4) EMAIL AND TEXT BLASTS TO EXISTING CLIENTS

Email and text messaging are great ways to both communicate your seasonal hours and wish them a Happy Holiday at the same time. If you are using a CRM such as HubSpot, SalesForce, or ZOHO, you have invested the time and money in building a list of existing and potential clients you communicate to throughout the year. If you are not using a CRM, put together a list in Outlook or Gmail.

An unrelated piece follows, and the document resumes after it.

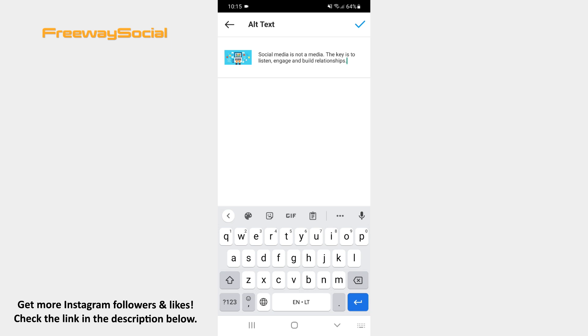Once alt text is added, tap the checkmark icon in the top-right corner of the screen.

SOLUTION: Spend a couple of minutes, sending out emails or text messages to targeted segments of your CRM. I suggest you take a couple of extra minutes and personalize it to each group. An example would be to send different communication to long-time clients vs. new clients vs. prospects. I would send a message such as this to long-time clients:

Dear Craig,

During the holiday season, I am always so grateful that I am to be able to provide for my family by assisting great customers like yourself with technology and Voice Over IP solutions. As our business continues to grow, I want to make sure you know that I appreciate you trusting in us year after year. This time of the season, we also want to show our employees appreciation allowing them to have a family life outside of our business. To do so, we have made some minor changes to our hours of operations during the holiday season. Here are our temporary hours:

CHRISTMAS EVE: CLOSED

CHRISTMAS DAY: CLOSED

NEW YEARS: CLOSED

CONCLUSION

Although these ideas are all pretty simple to understand, I would bet over 50% of all businesses forget at least one of them and other companies forget most of them. Excellent social communication, sending personal emails/texts, and not letting your customers get lost in the auto-attendant dead zone are all ways you can provide exceptional customer service. It comes down to these basics:

  • Get your business on a VOIP or Hosted PBX system (great little company names Motion VOIP can help you with that)

  • Update your website with holiday hours to make sure no potential clients miss you

  • Send out Social media posts to ALL your channels to communicate with both existing and potential customers

  • Email and Text your current customers to show them you appreciate their years of service and are not just chasing new business.

Happy Holidays from the entire staff at Motion VOIP!